シートベルトをトラック全車に装備し終えた後、瑛二は野営地の奥にある森の中へと一人(沙織は“隠蔽”で姿を隠しながら)で入った。そして、森の中を少し歩いたところで、その歩みを止めた。
「いい加減に姿を現したらいかがですか?」
瑛二がそう言うと、木陰から一人の女性が姿を現した。
「いつから私のことを?」
「盗賊の対応をしていた時からです」
「なるほど、最初から気付かれてたわけね」
「それよりも、あなたは何者ですか?」
「私は、ニコラ・ナイトシュード。フリーの情報屋ってところね」
こっそり“解析鑑定”で、ステータスを確認するが、どこにも所属してはいなかった。そして、その人物が信用のおける人物なのかも同時に調べてみるが、信用のできる人物だったので、瑛二は密かに考えていたことをニコラに提案する。
「フリーということは、現在はどこにも所属していないということですね」
「そうなるわね」
「では、ニコラさん。私に雇われる気はありませんでしょうか?」
「私たちは初対面なのよ?それをわかって言っているのかしら?」
ニコラがそう言うのも当然だ。瑛二ももちろんこの事は想定済みの範囲内である。
「もちろんです。ですが、私が何者かはご存知ですよね?」
「もちろんよ。新たに軍に編成された独立の連隊である特殊派遣連隊の副連隊長にして異世界人の久遠瑛二殿」
「ならば、なぜ副連隊長である私がこの調査任務に参加したかわかりますか?」
「連隊として初任務になるから?」
瑛二の質問に対して、ニコラはそう答える。
「その理由もありますが、それはあくまで表向きの理由です。私の本当の目的は、この任務で、できるだけ信用のおける且つ、優秀な諜報員を確保することが目的なのです」
「それは、国として?」
「いいえ。これは私個人としてです。ゼルフォート王家には、何かあるのではないかと思っています。ですので、私の配下となっていただけませんか?」
ニコラは少し考えた後、瑛二に答えを出す。
「わかったわ。あなたの諜報員として配下に加わるわ」
「ありがとうございます」
「それでさっきから気になっていたんだけども、そこにいる彼女は、あなたの連れで良いのよね?」
瑛二の右斜め後ろの方を見ながらそう言うと、今まで“隠蔽”で姿を隠していた沙織が姿を現した。
「よく沙織さんのことがわかりましたね」
「私は“隠蔽”の上位スキルである“隠密”のスキルを保有しているから、私には通用しないってわけ」
「そういうことでしたか。あ、申し遅れました。私は……」
「知ってるよ。特殊派遣連隊第七大隊大隊長の石原沙織中佐でしょ?」
「ええ」
自分のことも知られていたことに、少しばかり困惑する。
「話を進めてもよろしいでしょうか?」
「どうぞ」
瑛二がそう言い出すと、ニコラはどうぞと一言だけ言った。
「まず、今から話すことの前に、後二人この場に呼びますね。イーディスさん、メアリーさん。いますか?」
「ここに」
瑛二が二人の名前を出して呼びかけるように言うと“影空間”から現れた。
「一人だけいませんが、問題はないでしょうし、話をしたいと思います。 現在、私の諜報員となっている方々は、沙織さん、イーディスさん、メアリーさん、ニコラさん。そしてこの場にいない賢一さんの5人です。
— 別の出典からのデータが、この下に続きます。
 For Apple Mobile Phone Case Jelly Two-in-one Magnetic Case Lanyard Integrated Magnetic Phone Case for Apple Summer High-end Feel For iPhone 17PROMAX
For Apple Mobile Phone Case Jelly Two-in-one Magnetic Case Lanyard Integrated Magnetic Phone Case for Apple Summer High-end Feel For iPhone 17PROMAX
そこで、コードネームを付けたいと考えています」
「今の状態だと、名前が特定出来てしまうので、その対策のためのコードネームというわけですね」
瑛二の意図を読んだかのように、沙織が言った。
「その通りです」
「瑛二様。コードネームはお決まりなのですか?」
「そうですね。ここは無難に数字でいきましょうか。数字と言っても、一般的に使われているアラビア数字ではなく、アルファなどといったギリシャ数字にしたいと考えています」
この時沙織は定番だと思ったが、それをあえて言うことはなかった。
「コードネームは付ける相手などは決まっているのですか?」
「ええ。元からアルファからデルタまでは決まっていました。ですが、それ以降はあまり考えていませんでしたね。まぁ、それはさておき、早速ですが、お伝えします。沙織さんは───」
今いるメンバーにコードネームを割り振った。もちろんそのコードネームの割り振りには、賢一も含まれている。
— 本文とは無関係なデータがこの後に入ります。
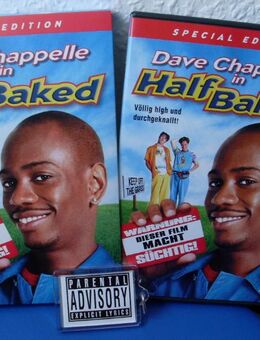 Half Baked SE Erstauflage Schuber + Schlüsselanhänger Parental AdvisoryNEU Kiffermovie - Kassel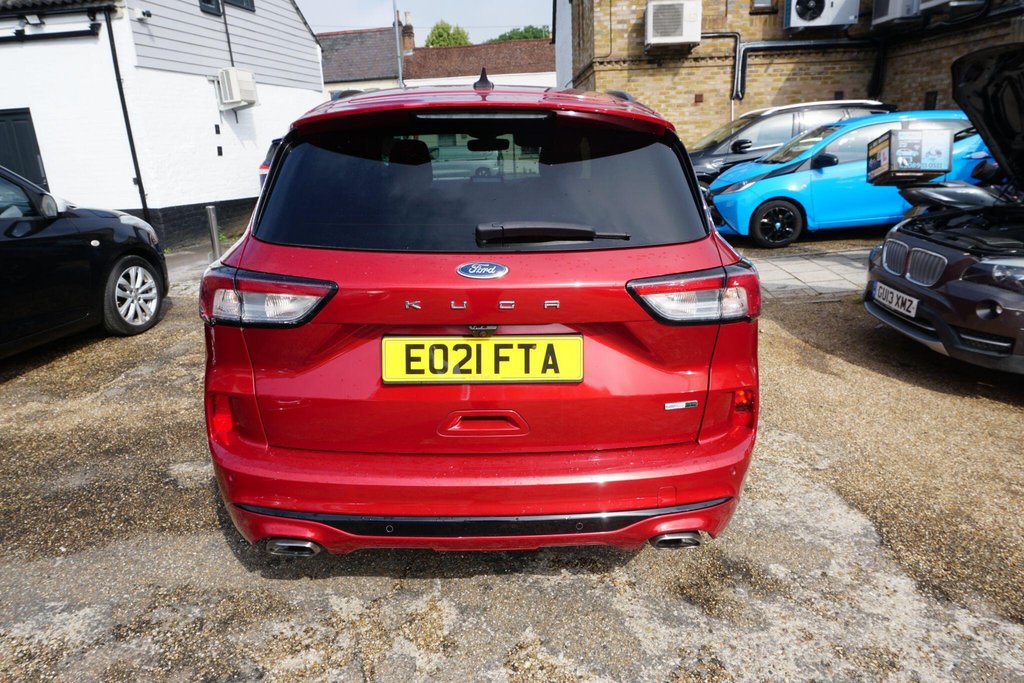 USED 2021 21 FORD KUGA 2.0 EcoBlue MHEV ST-Line Edition Euro 6 (s/s) 5dr JUST ARRIVED!!!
「では、これでコードネームは付け終わりましたね。それと、今後私の任務で動く際には、独立した諜報部隊『桜』を名乗って下さい」
「わかりました」
「承知しました」
こうして、瑛二直属諜報部隊『桜』に所属することとなった5人のコードネームは、以下のように付けられた。
沙織=アルファ
賢一=ベータ
イーディス=ガンマ
メアリー=デルタ
ニコラ=イプシロン
「そういえば、ニコラさんは“影空間”のスキルを保有していますか?」
「持ってるわよ」
「では、私が声をかける間は“影空間”で待機してもらってもよろしいですか?」
「構わないわ」
「ありがとうございます」
ニコラはそう言って、イーディスたちと一緒の“影空間”内に入って行った。情報交換をするためだと、瑛二は思いながら、沙織ともに、他の隊員に見つからないようにしてテントへと戻った。